Cette raréfaction du foncier a bien évidemment un impact sur les prix puisqu’ils sont poussés vers le haut, passant en cinq ans de 40 à 70 euros/m2 . Soit une hausse considérable de 75%. « Avec même une augmentation des prix de 15 % rien que l’an dernier, précise Baudouin le Hardÿ de Beaulieu. Étonnamment, ce facteur n’a absolument pas freiné l’appétit des entreprises désireuses de s’installer en Brabant wallon car le cout de construction du bâtiment reste bien plus élevé que le foncier. Le prix de nos terrains est, de plus, encore très attractif par rapport à d’autres acteurs privés qui sont actifs sur ce segment. »
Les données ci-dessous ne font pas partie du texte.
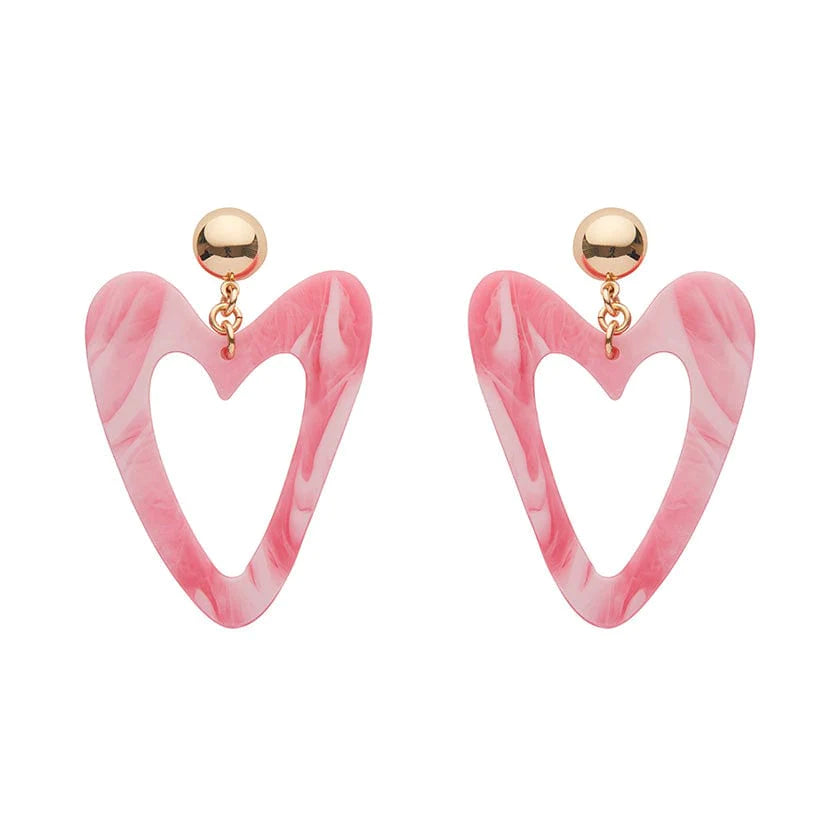 Erswilder -Statement Marble Resin Heart Drop Earrings - Pink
Ajoutons que la norme de 25 emplois/hectare reste d’actualité, ce qui élimine par exemple de facto toutes les entreprises de logistique. Le manque de terrains de grande taille élimine également d’autres pans économiques, tels que les data centers ou des acteurs du domaine énergétique. Le profil des entreprises reste donc majoritairement des PME, attirées à l’idée de s’installer dans la deuxième région d’Europe qui compte le plus de diplômés.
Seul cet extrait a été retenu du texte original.